Java Bindings
The cobble-java crate provides JNI bindings that expose Cobble’s functionality to JVM-based applications. The Java API mirrors the Rust API closely, covering all major components: SingleDb, Db, Reader, structured wrappers, and distributed scan.
Dependency
We have published the Java API to Maven Central. You can add it as a dependency in your pom.xml:
<dependency>
<groupId>io.github.cobble-project</groupId>
<artifactId>cobble</artifactId>
<version>0.2.0</version>
</dependency>
Java API Overview
SingleDb
For single-machine embedded use.
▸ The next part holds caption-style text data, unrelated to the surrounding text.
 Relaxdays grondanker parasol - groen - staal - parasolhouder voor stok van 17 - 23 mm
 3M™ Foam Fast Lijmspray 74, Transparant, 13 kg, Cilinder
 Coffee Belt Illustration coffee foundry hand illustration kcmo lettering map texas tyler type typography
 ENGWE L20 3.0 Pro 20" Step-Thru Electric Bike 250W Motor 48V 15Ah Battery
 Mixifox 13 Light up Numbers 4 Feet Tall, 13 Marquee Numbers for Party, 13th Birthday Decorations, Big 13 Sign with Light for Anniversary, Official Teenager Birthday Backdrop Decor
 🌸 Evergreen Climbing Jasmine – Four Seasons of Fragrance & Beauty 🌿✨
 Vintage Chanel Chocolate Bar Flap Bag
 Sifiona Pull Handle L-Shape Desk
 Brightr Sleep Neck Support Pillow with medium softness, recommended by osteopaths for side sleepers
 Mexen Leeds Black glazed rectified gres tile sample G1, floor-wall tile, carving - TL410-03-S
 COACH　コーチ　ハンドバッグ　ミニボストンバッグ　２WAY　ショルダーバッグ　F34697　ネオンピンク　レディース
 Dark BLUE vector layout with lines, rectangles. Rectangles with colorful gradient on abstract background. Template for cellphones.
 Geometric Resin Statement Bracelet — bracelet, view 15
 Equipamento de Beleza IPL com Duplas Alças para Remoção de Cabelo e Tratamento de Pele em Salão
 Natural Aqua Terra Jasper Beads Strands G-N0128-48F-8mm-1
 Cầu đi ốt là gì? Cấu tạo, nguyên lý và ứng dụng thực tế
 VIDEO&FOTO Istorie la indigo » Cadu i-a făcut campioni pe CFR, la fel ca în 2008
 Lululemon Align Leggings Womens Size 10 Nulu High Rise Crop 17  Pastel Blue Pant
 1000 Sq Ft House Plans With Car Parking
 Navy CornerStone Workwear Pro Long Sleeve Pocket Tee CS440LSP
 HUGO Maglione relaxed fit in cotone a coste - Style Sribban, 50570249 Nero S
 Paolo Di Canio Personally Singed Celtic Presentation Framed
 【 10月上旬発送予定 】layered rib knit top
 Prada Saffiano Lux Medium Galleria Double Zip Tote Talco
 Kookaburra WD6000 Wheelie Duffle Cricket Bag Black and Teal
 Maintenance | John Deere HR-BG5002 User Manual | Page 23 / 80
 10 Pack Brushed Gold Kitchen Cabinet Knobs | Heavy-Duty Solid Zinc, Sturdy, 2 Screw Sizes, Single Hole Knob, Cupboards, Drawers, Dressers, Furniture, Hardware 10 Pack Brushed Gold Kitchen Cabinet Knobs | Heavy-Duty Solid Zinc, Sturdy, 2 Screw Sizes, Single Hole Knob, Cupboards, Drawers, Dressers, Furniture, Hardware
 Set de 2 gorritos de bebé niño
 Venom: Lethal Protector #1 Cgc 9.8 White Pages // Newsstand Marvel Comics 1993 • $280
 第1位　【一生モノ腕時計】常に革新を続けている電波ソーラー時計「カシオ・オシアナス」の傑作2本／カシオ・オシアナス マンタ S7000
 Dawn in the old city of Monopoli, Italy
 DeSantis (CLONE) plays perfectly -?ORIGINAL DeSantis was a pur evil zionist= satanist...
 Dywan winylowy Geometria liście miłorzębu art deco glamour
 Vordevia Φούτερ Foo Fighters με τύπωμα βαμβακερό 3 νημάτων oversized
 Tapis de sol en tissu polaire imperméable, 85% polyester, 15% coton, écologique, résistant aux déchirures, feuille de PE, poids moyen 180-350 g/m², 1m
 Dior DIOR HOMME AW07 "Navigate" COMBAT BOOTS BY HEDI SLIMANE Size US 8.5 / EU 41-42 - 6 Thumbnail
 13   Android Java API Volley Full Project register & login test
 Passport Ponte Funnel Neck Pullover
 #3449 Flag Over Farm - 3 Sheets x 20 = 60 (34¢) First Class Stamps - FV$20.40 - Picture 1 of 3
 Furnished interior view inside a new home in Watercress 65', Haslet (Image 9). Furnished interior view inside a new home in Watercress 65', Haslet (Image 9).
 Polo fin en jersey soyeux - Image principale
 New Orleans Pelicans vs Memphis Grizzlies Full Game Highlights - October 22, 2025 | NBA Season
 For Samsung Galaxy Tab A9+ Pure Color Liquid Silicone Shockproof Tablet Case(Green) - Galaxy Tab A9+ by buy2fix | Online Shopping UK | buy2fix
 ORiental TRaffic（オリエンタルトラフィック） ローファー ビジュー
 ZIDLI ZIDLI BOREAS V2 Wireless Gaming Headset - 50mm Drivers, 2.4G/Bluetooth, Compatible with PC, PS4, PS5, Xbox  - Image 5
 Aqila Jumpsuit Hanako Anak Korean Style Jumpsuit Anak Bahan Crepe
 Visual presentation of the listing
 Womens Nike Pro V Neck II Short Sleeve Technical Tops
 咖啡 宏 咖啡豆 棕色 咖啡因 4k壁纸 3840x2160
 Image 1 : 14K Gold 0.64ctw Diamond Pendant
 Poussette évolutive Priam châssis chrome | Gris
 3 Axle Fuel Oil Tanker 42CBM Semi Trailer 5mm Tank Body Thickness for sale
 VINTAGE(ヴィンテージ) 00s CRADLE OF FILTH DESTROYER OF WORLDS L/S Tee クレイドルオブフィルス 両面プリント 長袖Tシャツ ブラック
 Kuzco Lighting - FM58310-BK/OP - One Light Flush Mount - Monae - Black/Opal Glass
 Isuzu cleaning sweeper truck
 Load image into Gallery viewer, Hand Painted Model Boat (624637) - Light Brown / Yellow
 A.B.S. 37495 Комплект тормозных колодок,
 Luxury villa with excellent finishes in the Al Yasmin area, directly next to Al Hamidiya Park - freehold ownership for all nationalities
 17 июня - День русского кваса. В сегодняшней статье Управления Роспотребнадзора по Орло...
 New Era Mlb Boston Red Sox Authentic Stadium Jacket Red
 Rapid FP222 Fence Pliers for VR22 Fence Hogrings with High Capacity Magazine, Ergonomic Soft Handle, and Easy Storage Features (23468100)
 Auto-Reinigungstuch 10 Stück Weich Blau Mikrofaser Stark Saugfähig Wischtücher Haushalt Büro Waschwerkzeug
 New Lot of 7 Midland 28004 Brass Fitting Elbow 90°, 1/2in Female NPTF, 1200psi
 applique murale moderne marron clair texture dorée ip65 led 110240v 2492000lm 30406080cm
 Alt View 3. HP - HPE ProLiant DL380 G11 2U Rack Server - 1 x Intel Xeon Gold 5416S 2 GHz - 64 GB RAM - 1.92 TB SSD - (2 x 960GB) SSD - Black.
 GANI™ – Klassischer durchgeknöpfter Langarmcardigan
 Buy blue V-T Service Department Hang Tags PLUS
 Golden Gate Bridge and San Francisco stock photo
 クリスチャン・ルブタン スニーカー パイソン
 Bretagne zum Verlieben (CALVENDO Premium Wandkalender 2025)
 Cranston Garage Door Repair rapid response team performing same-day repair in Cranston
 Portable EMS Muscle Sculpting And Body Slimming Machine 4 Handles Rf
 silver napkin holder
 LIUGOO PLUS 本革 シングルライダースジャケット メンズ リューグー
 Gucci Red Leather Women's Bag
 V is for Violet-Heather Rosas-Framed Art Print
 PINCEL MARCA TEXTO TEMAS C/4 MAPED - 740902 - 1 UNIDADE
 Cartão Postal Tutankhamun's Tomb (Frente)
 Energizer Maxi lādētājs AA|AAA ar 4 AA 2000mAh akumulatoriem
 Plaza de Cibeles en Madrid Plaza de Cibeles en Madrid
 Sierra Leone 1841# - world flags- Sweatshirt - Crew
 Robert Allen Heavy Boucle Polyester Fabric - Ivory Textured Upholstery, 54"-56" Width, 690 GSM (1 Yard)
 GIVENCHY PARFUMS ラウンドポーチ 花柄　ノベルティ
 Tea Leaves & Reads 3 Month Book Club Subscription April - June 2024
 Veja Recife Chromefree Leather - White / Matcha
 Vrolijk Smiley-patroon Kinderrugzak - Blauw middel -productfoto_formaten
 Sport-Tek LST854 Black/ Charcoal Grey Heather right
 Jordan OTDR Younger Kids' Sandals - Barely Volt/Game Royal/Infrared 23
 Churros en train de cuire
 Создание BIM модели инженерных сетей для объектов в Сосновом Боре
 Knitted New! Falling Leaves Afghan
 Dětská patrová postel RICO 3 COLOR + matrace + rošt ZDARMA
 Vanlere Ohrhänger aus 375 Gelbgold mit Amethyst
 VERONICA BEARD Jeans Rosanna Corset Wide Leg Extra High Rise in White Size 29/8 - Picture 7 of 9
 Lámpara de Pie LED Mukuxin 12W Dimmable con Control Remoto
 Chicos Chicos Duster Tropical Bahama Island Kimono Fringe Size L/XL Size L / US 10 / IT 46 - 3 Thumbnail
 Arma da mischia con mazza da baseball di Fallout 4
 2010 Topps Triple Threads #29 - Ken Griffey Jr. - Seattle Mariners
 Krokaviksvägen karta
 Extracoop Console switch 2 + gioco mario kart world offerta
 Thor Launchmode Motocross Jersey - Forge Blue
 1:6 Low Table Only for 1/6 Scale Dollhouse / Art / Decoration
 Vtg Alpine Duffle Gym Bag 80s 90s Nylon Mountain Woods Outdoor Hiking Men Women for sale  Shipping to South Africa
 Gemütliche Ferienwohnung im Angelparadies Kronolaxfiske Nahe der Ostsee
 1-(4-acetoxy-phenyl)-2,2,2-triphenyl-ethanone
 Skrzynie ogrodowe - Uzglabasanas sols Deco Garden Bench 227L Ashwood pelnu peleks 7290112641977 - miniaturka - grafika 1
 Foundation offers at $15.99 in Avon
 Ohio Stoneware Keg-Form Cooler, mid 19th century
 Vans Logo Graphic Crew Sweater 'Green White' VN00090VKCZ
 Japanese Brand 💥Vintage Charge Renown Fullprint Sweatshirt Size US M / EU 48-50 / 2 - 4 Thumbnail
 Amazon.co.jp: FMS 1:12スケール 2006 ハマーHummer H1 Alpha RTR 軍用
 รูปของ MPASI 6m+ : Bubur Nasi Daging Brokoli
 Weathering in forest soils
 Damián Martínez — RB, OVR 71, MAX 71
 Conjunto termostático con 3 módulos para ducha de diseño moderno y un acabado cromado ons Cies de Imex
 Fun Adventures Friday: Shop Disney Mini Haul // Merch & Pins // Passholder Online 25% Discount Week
See Single-Machine Embedded DB for the full workflow.
import io.cobble.GlobalSnapshot;
import io.cobble.SingleDb;
String configPath = "config.yaml";
SingleDb db = SingleDb.open(configPath);
// Write
db.put(0, "user:1".getBytes(), 0, "Alice".getBytes());
// Read
byte[] value = db.get(0, "user:1".getBytes(), 0);
// Snapshot and resume
GlobalSnapshot snapshot = db.snapshot();
db.close();
db = SingleDb.resume(configPath, snapshot.id);
Db (Distributed)
For multi-shard deployments. See Distributed Deployment for the full workflow.
import io.cobble.Db;
import io.cobble.PendingSnapshot;
import io.cobble.ShardSnapshot;
Db db = Db.open("config.yaml");
db.put(0, "key".getBytes(), 0, "value".getBytes());
// Create snapshot input for coordinator
ShardSnapshot input = db.snapshot();
// Restore into the same db identity
Db restored = Db.restore("config.yaml", input.snapshotId, db.id());
// Restore into a fresh db identity
Db restoredFresh = Db.restore("config.yaml", input.snapshotId, db.id(), true);
// Restore from an explicit manifest path (always creates a fresh db identity)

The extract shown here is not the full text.